Jésus est la porte, car par lui Dieu vient à la rencontre de ce monde et nous envoie à la rencontre de ce monde.

Par lui je suis enraciné en l’amour de Dieu et avec lui j’ai des ailes pour aller dans ce monde, en témoin de son amour pour faire la différence.

L’amour que Jésus nous révèle et nous donne serait-ce l’huile dans la cuillère ?

La grande question pour nous qui vivons dans ce monde est : avons-nous le souci de soigner notre ancrage dans l’amour que Jésus nous a montré ? Avons-nous le souci de soigner notre relation au Seigneur qui fait de nous ses enfants adoptifs ? Et si nous la soignons, avons-nous le souci et l’envie de sortir dans ce monde pour le rendre meilleur ?

Etre baptisé c’est, entre autres, être invité à prendre le chemin me conduisant au source de l’amour de Dieu pour nous afin de mieux pouvoir nous mouvoir dans ce monde qui tend à nous disperser et à nous balloter dans tous les sens.
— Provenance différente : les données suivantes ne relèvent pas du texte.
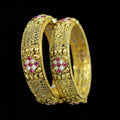 Gold bangles with red gemstones on a gray background, featuring the brand 'Saheli'.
La Bible et Jésus ne nous encouragent pas à nous retirer du monde et de ses affaires, mais à nous ancrer en l’amour de Dieu et en sa Parole pour pouvoir mieux être debout dans ce monde et assumer notre rôle d’acteur sans pour autant être hypnotisé par les valeurs de ce monde.

Soigner notre ancrage en Christ implique oser le recul, le silence, la prière nourrie de la méditation de l’Evangile. Soigner ma relation à Jésus ce n’est pas de bondieuserie ou de la bigoterie, c’est une responsabilité vitale. Je lisais un article disant que, selon le psychiatre suisse Daniel Hell, l’augmentation des cas de dépression est lié l’absence de racines solides[2].

Interrogeons-nous :

  • Quelle place pour l’intériorité dans notre vie, pour le ressourcement ?
  • Comme chrétien baptisé, quelle place dans ma vie pour prendre soin de ma vie spirituelle, de mon ancrage en l’amour de Dieu pour moi ?

Interrogeons-nous aussi dans l’autre sens :

  • Comme chrétien, dans quelle mesure, ma foi, ma spiritualité m’encourage-t-elle à prendre et occuper ma place dans ce monde pour le rendre meilleur ?

Jésus est la porte.    Ouvrir la porte c’est une action délibérée, la fermer aussi d’ailleurs. Franchir la porte est une action délibérée.

Jésus dit qu’il est la porte parce que dans son amour il me laisse libre, libre pour mettre l’accent sur l’intériorité ou l’extériorité, mais lui me montre la voie : s’ancrer en l’amour de Dieu pour m’investir dans ce monde sans y perdre mon âme.

Amen.

 

 

[1] Paulo Coelho cité par Jean Vernette et Claire Moncelon, Parabole pour le chemin, Presse de la Renaissance, Paris, 2000, p.26-27.

[2] Anselm Grün, Des racines et des ailes, article paru dans le magazine PRIER, n°453, juillet-aout 2023, p.39-41.